After the input has passed through the Recurrent Layer (in the actual model, there are 3 recurrent layers), it is passed through the final Linear Layer. The purpose of the Linear Layer is to transform the output from the Recurrent Layer which has dimensions:

(batch size) x (sequence length) x (hidden size)

to

(batch size) x (sequence length) x (vocabulary size)

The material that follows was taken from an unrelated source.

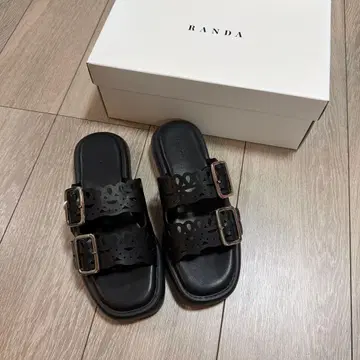 RANDA 블랙 샌들 백 스트랩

An output over the Vocabulary size means there will be 1 numerical quantity corresponding to each possible token in the Vocabulary. The purpose of this is for the final step where these numerical quantities are transformed into a “probability”. There will be 1 probability associated with each token, representing how likely the model will propose each token in the next time step.

Before discussing how the multinomial probability distribution (multinomial since the Vocabulary size is greater than 1), let’s first show the output from the Linear Layer:

# initialize the linear layer
# in_features = 5 as that is the hidden_size defined in the recurrent layer above
# out_features = 20 as that is the size of the Vocabulary
linear_layer = nn.Linear(in_features=5,
                         out_features=20)

linear_output = linear_layer(rnn_output)

# verify the shape of the linear output is what we expect:
# (batch size) x (sequence length) x (vocabulary size)
linear_output.shape
torch.Size([1, 3, 20])

Softmax: Obtaining a Multinomial Conditional Probability Distribution

At this point, we have a tensor that has dimensions (batch size) x (sequence length) x (vocabulary size). The last step is to apply the Softmax Function to obtain a multinomial probability distribution which can be interpreted as the probability of generating each specific token at the next time step. To breakdown this step, let’s first introduce the Softmax Function:

\[Softmax(token_i) = \frac{e^{token_i}}{\sum\limits_{j=1}^N e^{token_j}}\]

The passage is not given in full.